For the post-definitional position etymological and derivational information is again the most frequent (55%), but grammatical/phonological information is here more substantial than in Papias (21%). Definitional expansion is less ambiguous in Le Ver and occurs in a smaller proportion of cases (8%). Definitional connectors and language reference, the third and fourth most frequent categories in Papias, are almost eliminated in Le Ver (less than 1% combined). Cross-referencing and references to authorities constitute 14% of PD material in Le Ver. (See Figure 3 and Figure 4.)

6. Conclusion

In looking at the four lexicographers mentioned so far, I am conscious that a concentration on Papias and Le Ver, four centuries apart, is an over-simplification and that more needs to be done on other early lexicographers such as Osbern of Gloucester, and that a means of dealing with the very complex Hugutio and Balbus texts also needs working out. I need hardly add that any attempt to encode dictionaries within a database framework is likewise fraught with oversimplification.[7] But there do seem to be conclusions to be drawn even from our simple samples.
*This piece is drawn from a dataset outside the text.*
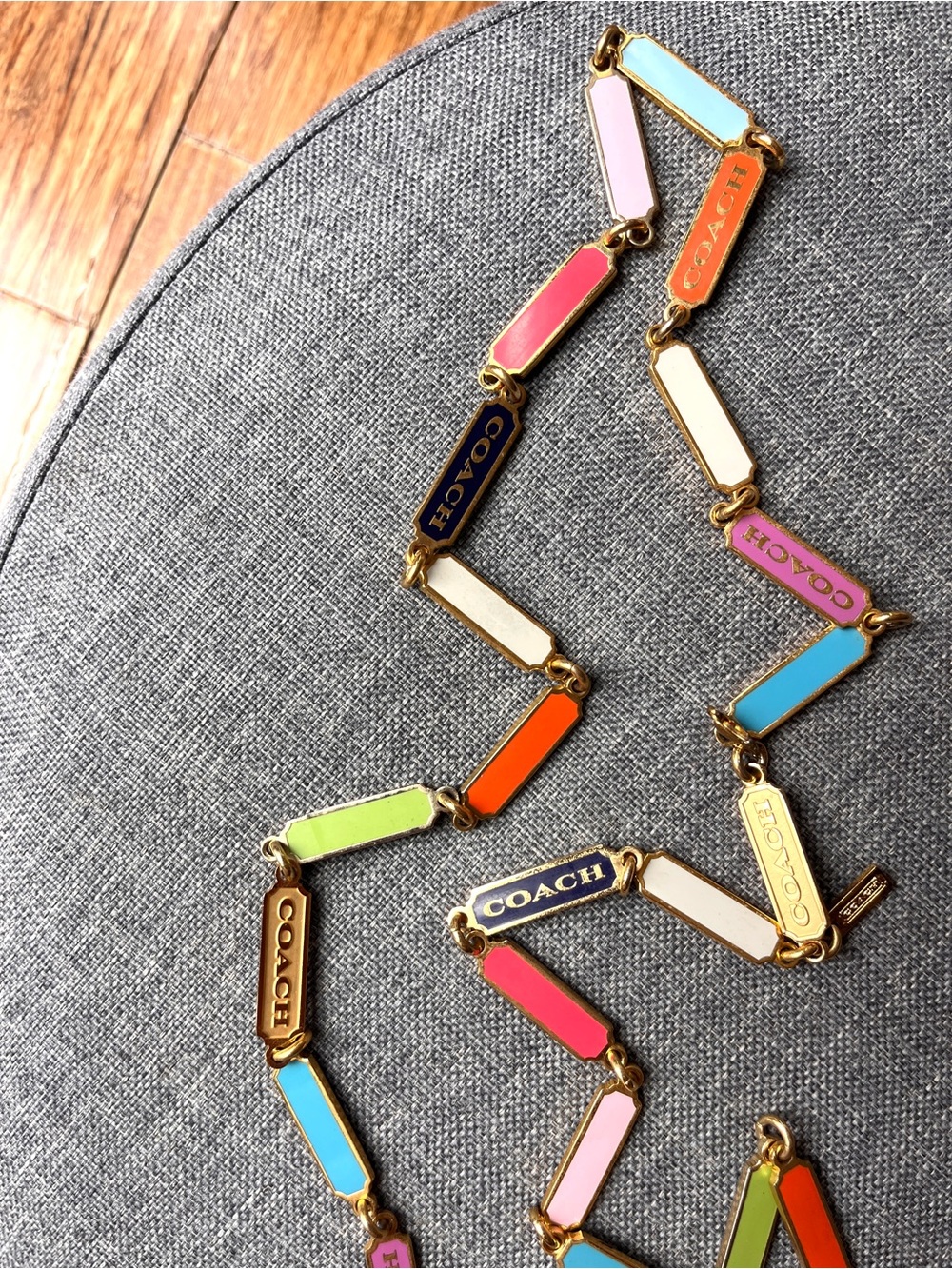 Coach Colorblock Enamel Link Necklace with Multicolor and Logo Links - Picture 3 of 10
Firstly, with each successive lexicographer in the medieval transmission there is an increasing amount of metalinguistic information to be found. Secondly, the arrangement of this information becomes more ordered with each lexicographer. By the end of the Middle Ages, a lexicographer such as Le Ver had produced a dictionary the ordering processes of which may be observed at several levels. In this paper I have treated the dictionary as a database with a set of records each of which has a certain number of fields. One might also have chosen to treat the entry structure as a form of grammar with the headword as subject or theme and the rest as parts of the complement. Whatever model is appropriate, it is difficult to deny that a very sophisticated framework has been provided for the information to be conveyed.


[1] The translation appears in Daly & Daly 1964: 232.

[2] Many manuscripts contain a list of the abbreviations to be used to designate authorities.

[3] Error: ± 1%.

[4] The texts used for this analysis were Hugutio 1925 and Balbus 1971.

[5] In the following excerpts the relevant metalanguage is enclosed within braces.

[6] Roques 1938 omits not only the marginal information but also much of the metalinguistic material in the body of the entries.

[7] As William Kent reminds us (Kent 1978: vi): "Information is too amorphous, ambiguous, elusive to be pinned down precisely by the processes of computers."